Janna Nicholas

2025
Éditeur : Est-Nord-Est, résidence d'artistes
Lieu : Saint-Jean-Port-Joli
Année : 2025
Langue : Français / Anglais
Auteur·e : Julia Caron Guillemette

Artiste et auteur·e

Janna Nicholas

Alors que le vivant changeait ses couleurs pour ensuite être enseveli de neige, l’espace d’Est-Nord-Est s’est transformé en un lieu de rencontres et d’échanges pour la Nation Wolastoqey et pour des proches d’autres nations autochtones et de la Confédération Wabanaki. Commissariée par Ivanie Aubin-Malo, cette résidence a réuni Catherine Desjardins et Janna Nicholas auxquelles se sont joints momentanément Martin Savoie, Kateri Nisnipawset Aubin Dubois, Léa Garneau, Terry David Young, Ariane Desjardins, Mélanie Brière, Marie-Eve Chabot Lortie, Marcus Merasty, Natasha Kanapé Fontaine, Angela Beek et Samaqani Cocahq. Si la création et les techniques traditionnelles ont certes marqué cette résidence, mon passage m’a démontré que ce sont les relations qui en ont été le cœur.

Lors de nos discussions, j’ai constaté la grande humilité et la générosité de Janna. Aînée des trois artistes présentes à long terme, elle-même considérait Est-Nord-Est comme « un lieu de leçons », indiquant que « nous sommes tous.tes ici pour apprendre les un.e.s des autres ». Pour elle, « en tant qu’humains, nous avons une responsabilité sacrée envers tout le vivant, de prendre soin de ce qui vit parmi nous. » J’ai d’ailleurs remarqué dans son travail une vaste présence du vivant, tant dans les matériaux que dans les sujets choisis. Fortement ancrée dans la spiritualité, sa pratique s’exprime ainsi dans une multitude de gestes, qu’il s’agisse à Est-Nord-Est de cuisiner des repas pour les artistes présent.e.s ou d’apprendre à d’autres comment faire une bonne bannique, et, chez elle, de donner à ses quatre enfants, d’assister à des cérémonies ou de créer des œuvres exprimant ses croyances ancestrales.
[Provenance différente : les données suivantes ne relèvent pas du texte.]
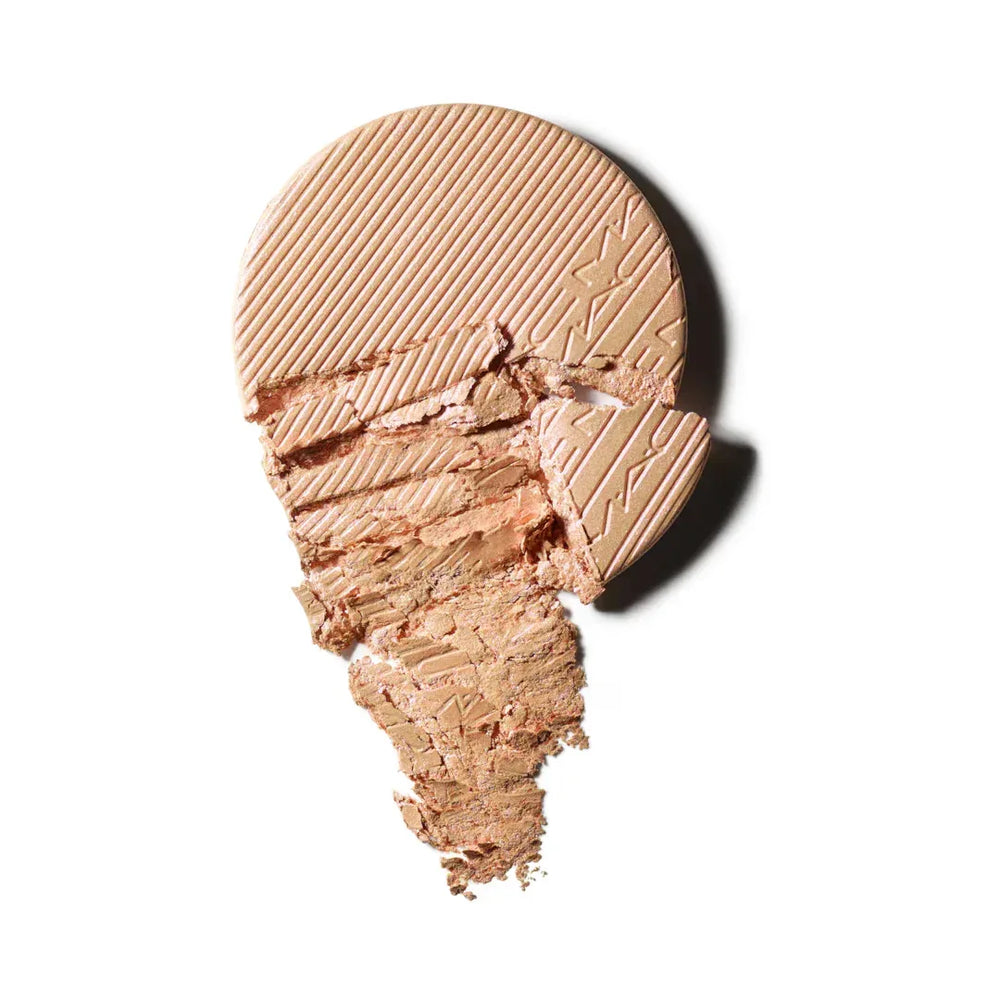 MAC- EXTRA DIMENSION SKINFINISH- Show Gold - The Beauty League Pakistan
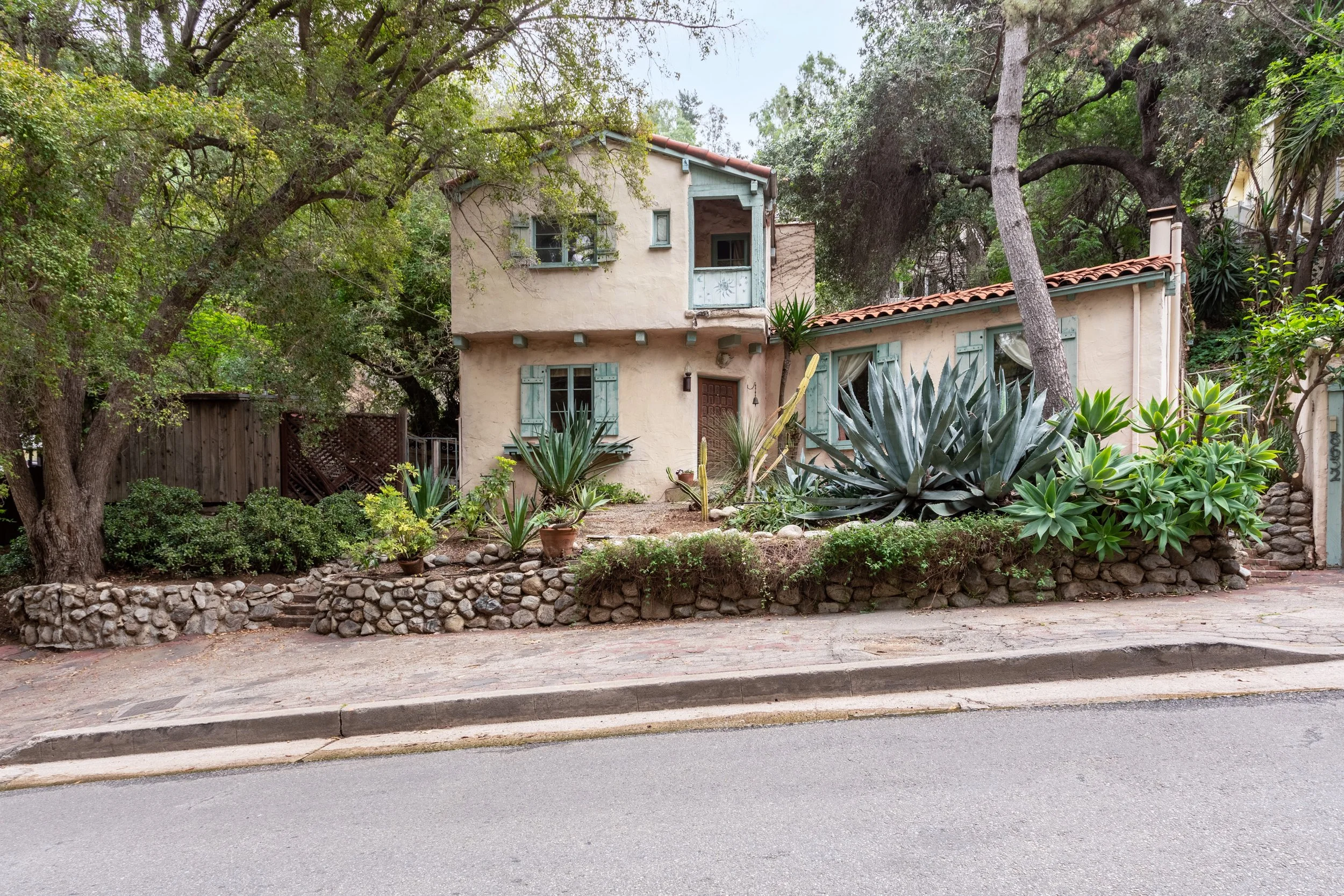 8632 Wonderland Avenue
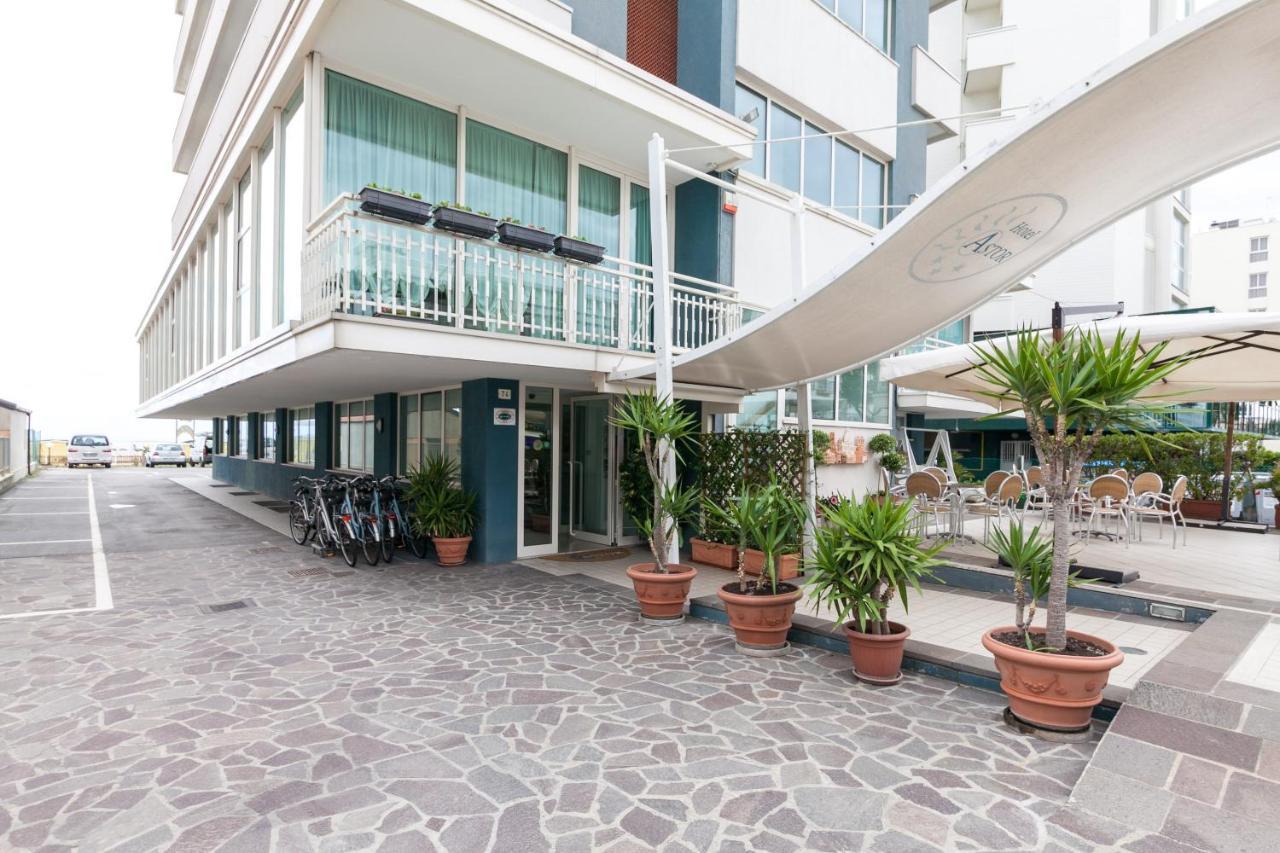 Astor Hotel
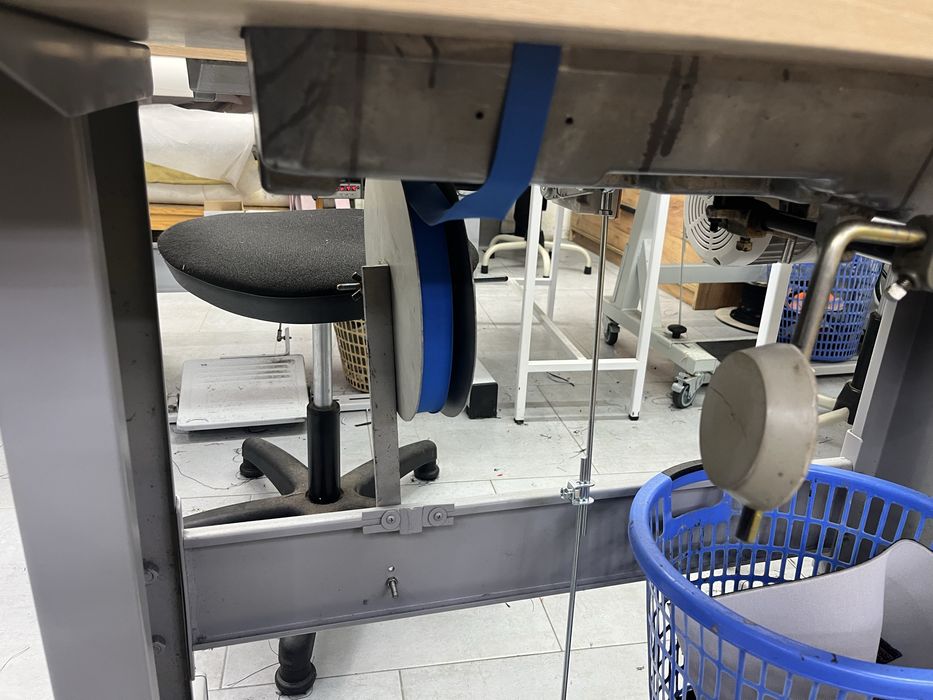 Maquina de costura triplo arrasto de 2 agulhas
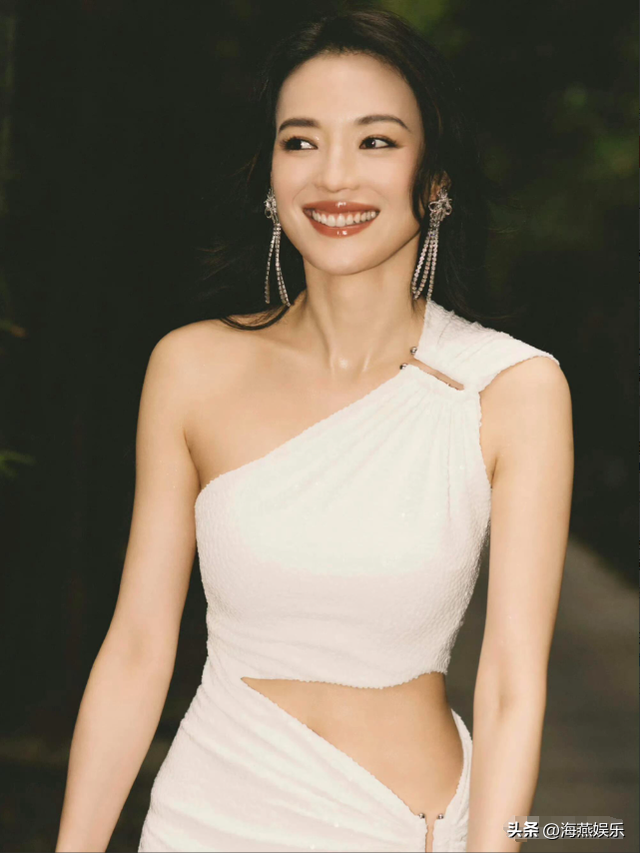 19岁舒淇拍“全裸写真”“三级片”一脱成名，老板亲自上场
Elle s’intéresse particulièrement aux formes portant de fortes symboliques pour sa nation et d’autres nations autochtones de l’Île de la Grande-Tortue. Par exemple, référant au fait que nous habitons sur le dos de la tortue, ainsi qu’à l’importance particulière de cet être pour elle, elle a privilégié la forme de sa carapace pour la création de son smudge bowl.

Janna est aussi une conteuse. La narrativité transparaît dans ses œuvres. Travaillant à partir de l’écorce de bouleau, elle a notamment réalisé des dessins de grands hérons bleus – particulièrement importants dans sa communauté – et de femmes étoiles, racontant visuellement des histoires centrales à sa culture. C’est ainsi qu’elle m’a parlé des récits d’origine de sa communauté, m’apprenant que les autochtones viennent des étoiles, plus précisément des pléiades. C’est ce qu’elle a traduit dans une broderie faite de piquants de porc-épic représentant un pétroglyphe d’une étoile à huit branches, image à la portée symbolique particulièrement forte. L’artiste traduit ainsi, tant en gestes qu’en œuvres, sa propre vision des histoires et des savoirs spirituels de sa nation.